# What you should do
Exact reproduction of the data is required, with images excluded.

# Source material
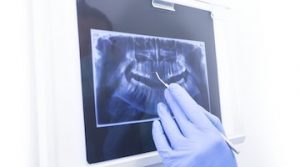 Como-se-toman-las-radiografias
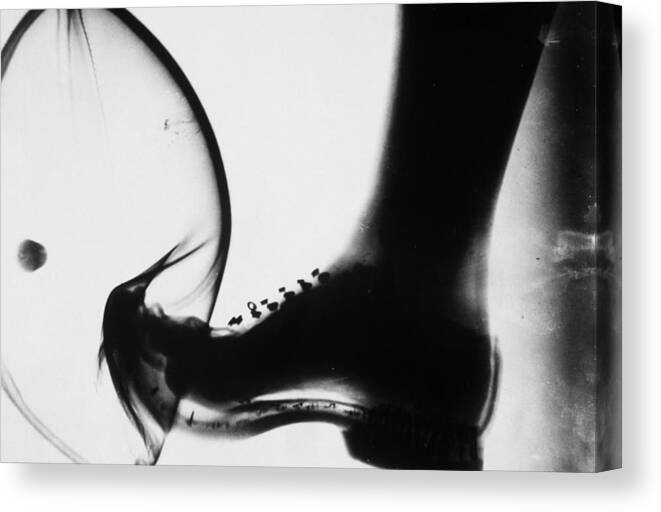 X-ray Canvas Print featuring the photograph Kicking A Ball, X-ray by Omikron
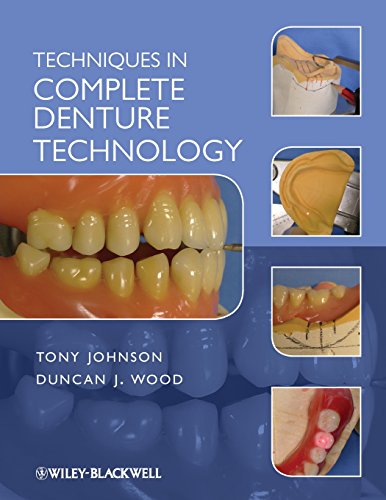 Techniques In Complete Denture Technology 1st Edition Duncan J Wood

# Output of the task
 Como-se-toman-las-radiografias
 X-ray Canvas Print featuring the photograph Kicking A Ball, X-ray by Omikron
 Techniques In Complete Denture Technology 1st Edition Duncan J Wood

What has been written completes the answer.